Thursday, December 31, 2015

2014

I just wanted to apologize for not blogging in 2014.  And I didn't want to wait until 2016 to announce it.

Monday, January 07, 2013

Preventing Myself from getting Rusty

It's been a year and I still remember how to do this.

Monday, January 09, 2012

Already???

So I'm getting an early jump on this year 2012, lest I have to pull a last minute "hail Mary" type of post at year's end. Such was the case in 2011. But this year I plan to stay on top of things, blog included. Not that I'll post anymore, but at least the sidebar will have record of this current year.

And who knows, maybe I will post again in this last year of the Mayan calendar.

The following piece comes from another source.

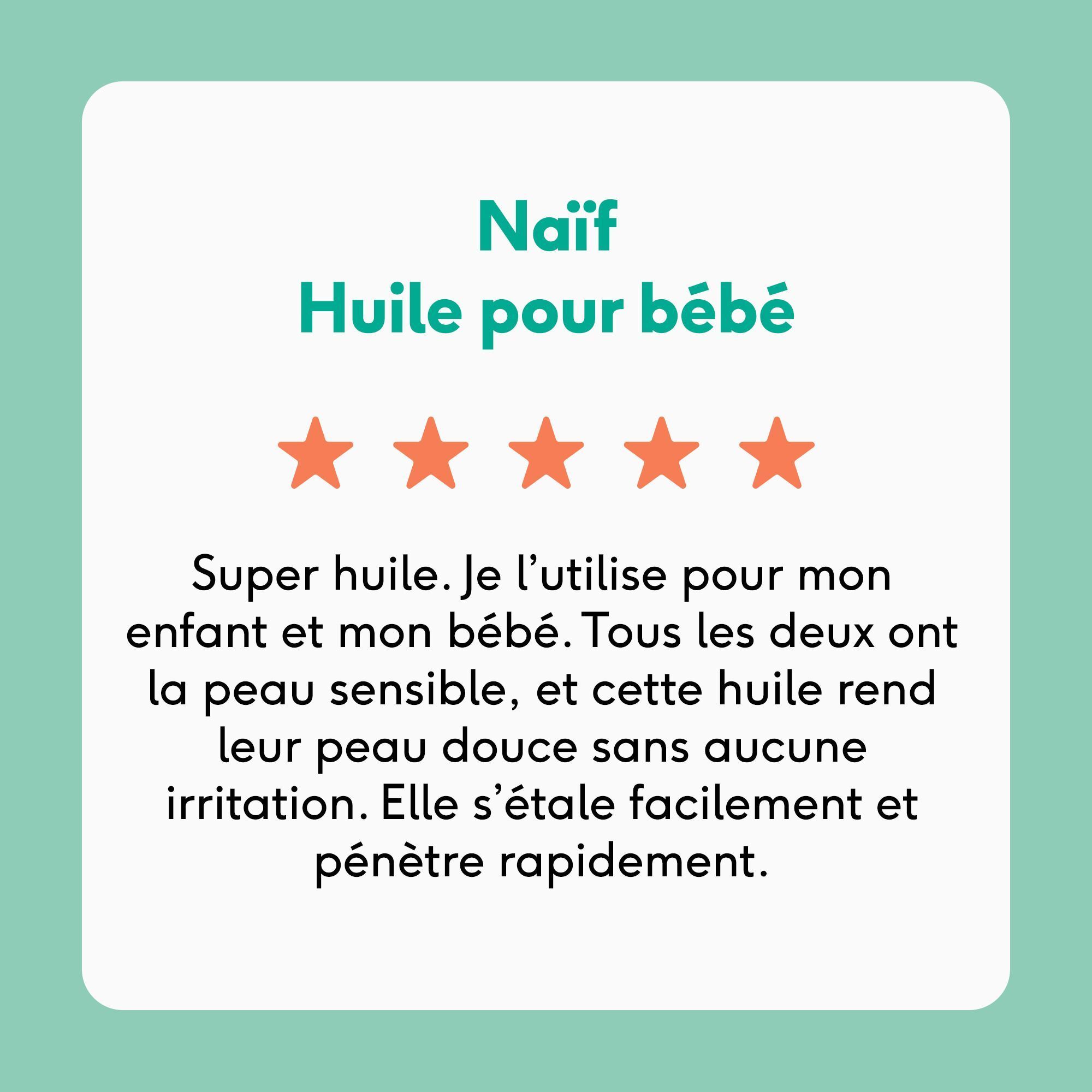 Avis pour l'huile pour bébé Naïf avec cinq étoiles et texte positif.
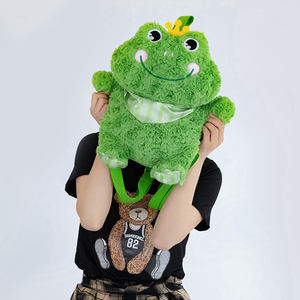 Nouveauté Sac à bandoulière en peluche <span class=keywords><strong>grande</strong></span> capacité Sac d'école pour <span class=keywords><strong>adulte</strong></span> en peluche grenouille mignonne Sac à dos grenouille souriante - Product Image 4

The comments I've received over the years seem to steadily increase, even though most are from those practicing their English and marketing skills.

So to all readers and insomniacs, may your 2012 be everything you hope it will be.

Saturday, October 15, 2011

2011

Would it be a shame if there were no posts on this blog in the current calendar year?

A bit zen-like?

No?

Sunday, February 14, 2010

Hearts and Such

Each year there's a day to celebrate true love
So I sit and write about the one I dream of
Her mere touch makes me woozy
My heart races when I think Suzi
That's how I know she’s been sent from above.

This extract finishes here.